[Source data]
+ + + + +
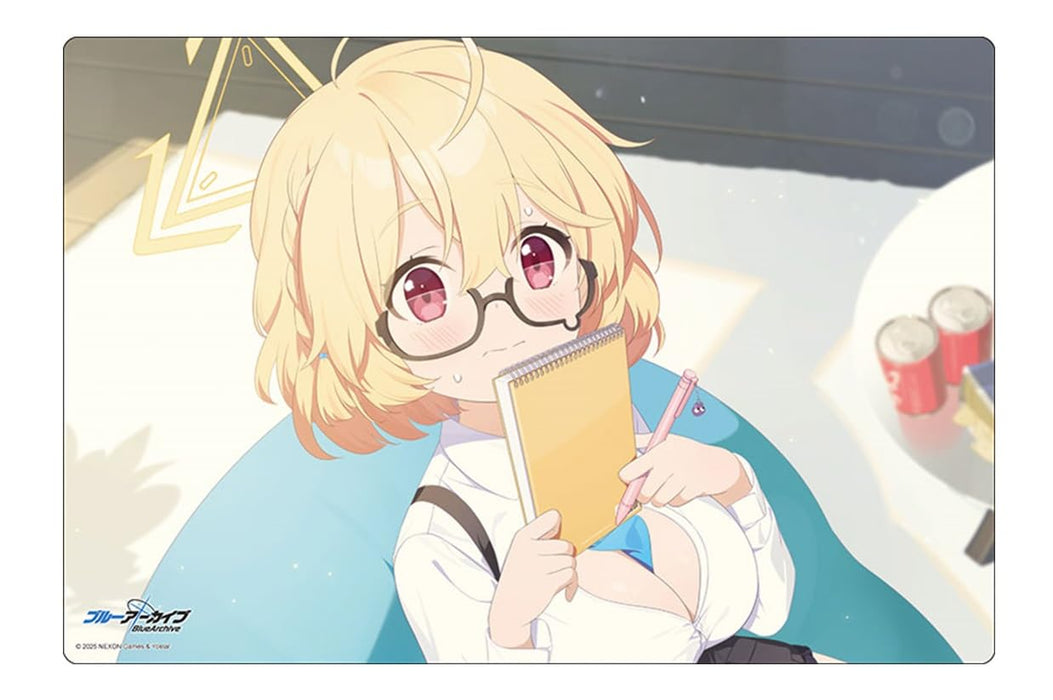 Bushiroad Rubber Mat Collection V2 Vol. 1553 "Blue Archive" Kotori Memorial Lobby Illustration Ver.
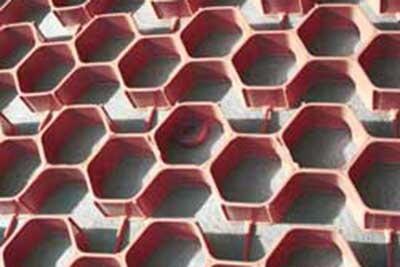 EZ Roll Gravel Pavers - Red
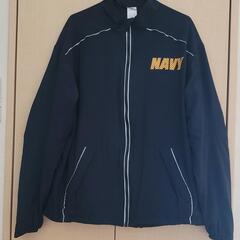【米軍放出品、内層付き】U.S.NAVY 秋冬用トレーニング制服、上下着 (L)の画像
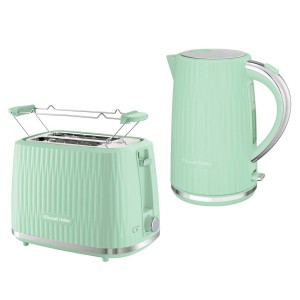 Russel Hobbs Paket Pistachio Eden Vattenkokare/Brödrost. Pistachio (27364-27374) - Fri frakt. omgående leverans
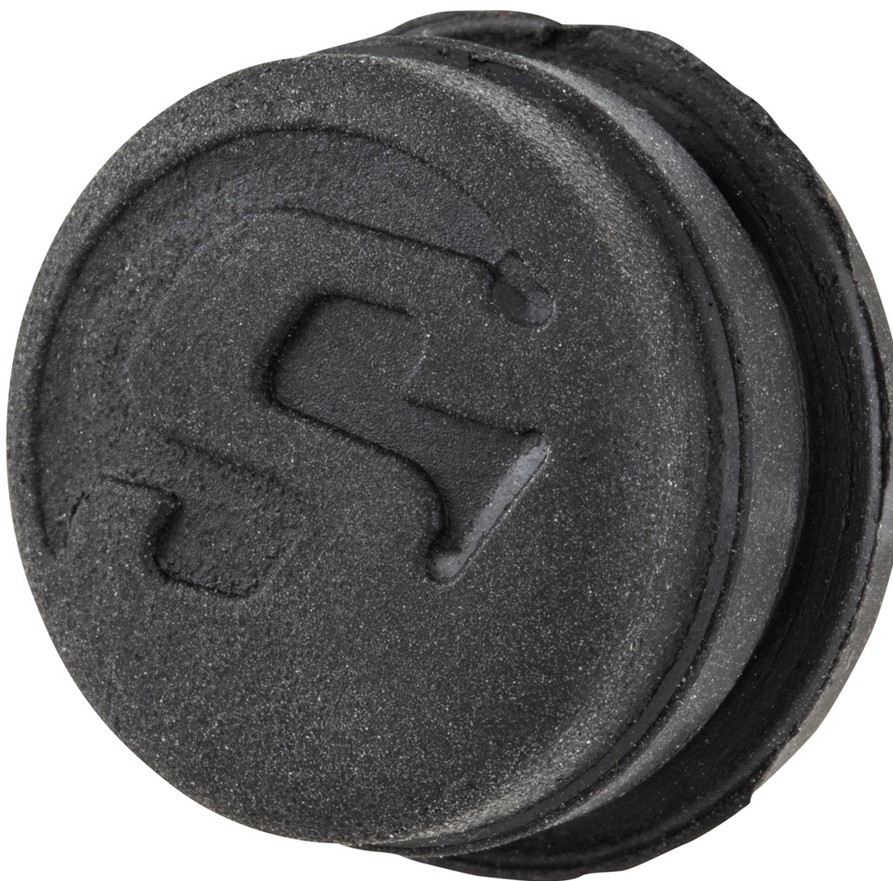 Contrapesos de manillar para Vespa GTS/GTS Super/GTV/GT 60/GT/GT L 125-300cc, derecha/izquierda, negro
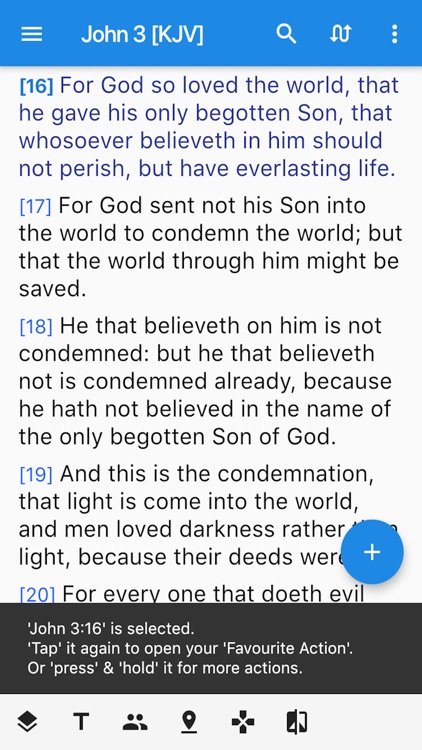 Unique Bible App Plus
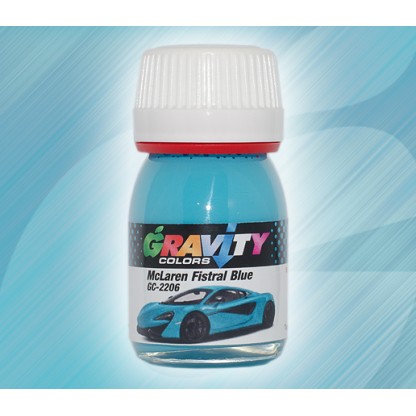 McLaren Fistral Blue Gravity Colors Paint– GC-2206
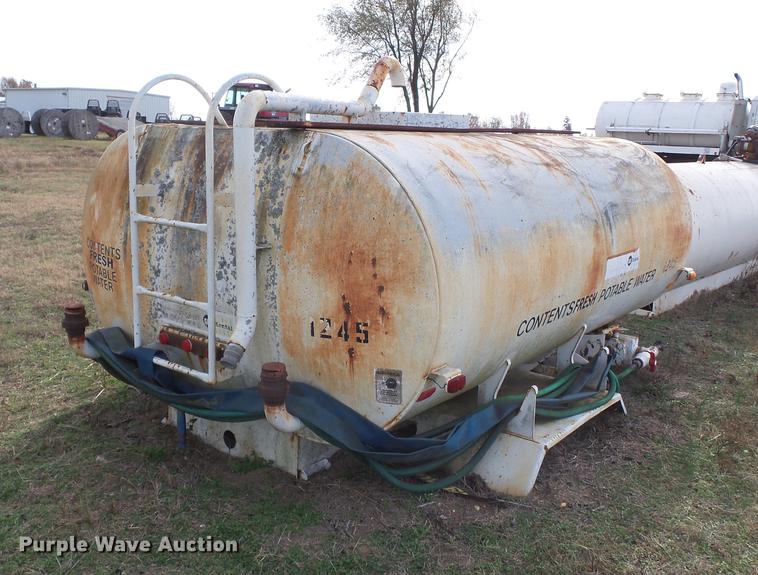 image for item DC6752 Ledwell LW3000 tank truck bed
+ + + + +
• _Exercise aim_: What is needed is an exact copy of the lines above, from the one holding "EZ Roll Gravel Pavers - Red" down to the one holding "Unique Bible App Plus", with those two included and the pictures left out.

• _Final answer_:
 EZ Roll Gravel Pavers - Red
【米軍放出品、内層付き】U.S.NAVY 秋冬用トレーニング制服、上下着 (L)の画像
 Russel Hobbs Paket Pistachio Eden Vattenkokare/Brödrost. Pistachio (27364-27374) - Fri frakt. omgående leverans
 Contrapesos de manillar para Vespa GTS/GTS Super/GTV/GT 60/GT/GT L 125-300cc, derecha/izquierda, negro
 Unique Bible App Plus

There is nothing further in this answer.